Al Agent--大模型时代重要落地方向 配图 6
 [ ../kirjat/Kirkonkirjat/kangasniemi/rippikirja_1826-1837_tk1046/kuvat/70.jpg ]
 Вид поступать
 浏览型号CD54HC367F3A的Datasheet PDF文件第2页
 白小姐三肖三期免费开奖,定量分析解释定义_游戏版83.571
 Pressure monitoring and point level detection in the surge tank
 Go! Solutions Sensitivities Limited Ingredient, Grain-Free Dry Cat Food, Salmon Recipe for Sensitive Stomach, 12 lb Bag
────
* _ASSIGNMENT_
Would you output all of the material exactly as it reads?

* _SOLVED PROBLEM_
Al Agent--大模型时代重要落地方向 配图 6
 [ ../kirjat/Kirkonkirjat/kangasniemi/rippikirja_1826-1837_tk1046/kuvat/70.jpg ]
 Вид поступать
 浏览型号CD54HC367F3A的Datasheet PDF文件第2页
 白小姐三肖三期免费开奖,定量分析解释定义_游戏版83.571
 Pressure monitoring and point level detection in the surge tank
 Go! Solutions Sensitivities Limited Ingredient, Grain-Free Dry Cat Food, Salmon Recipe for Sensitive Stomach, 12 lb Bag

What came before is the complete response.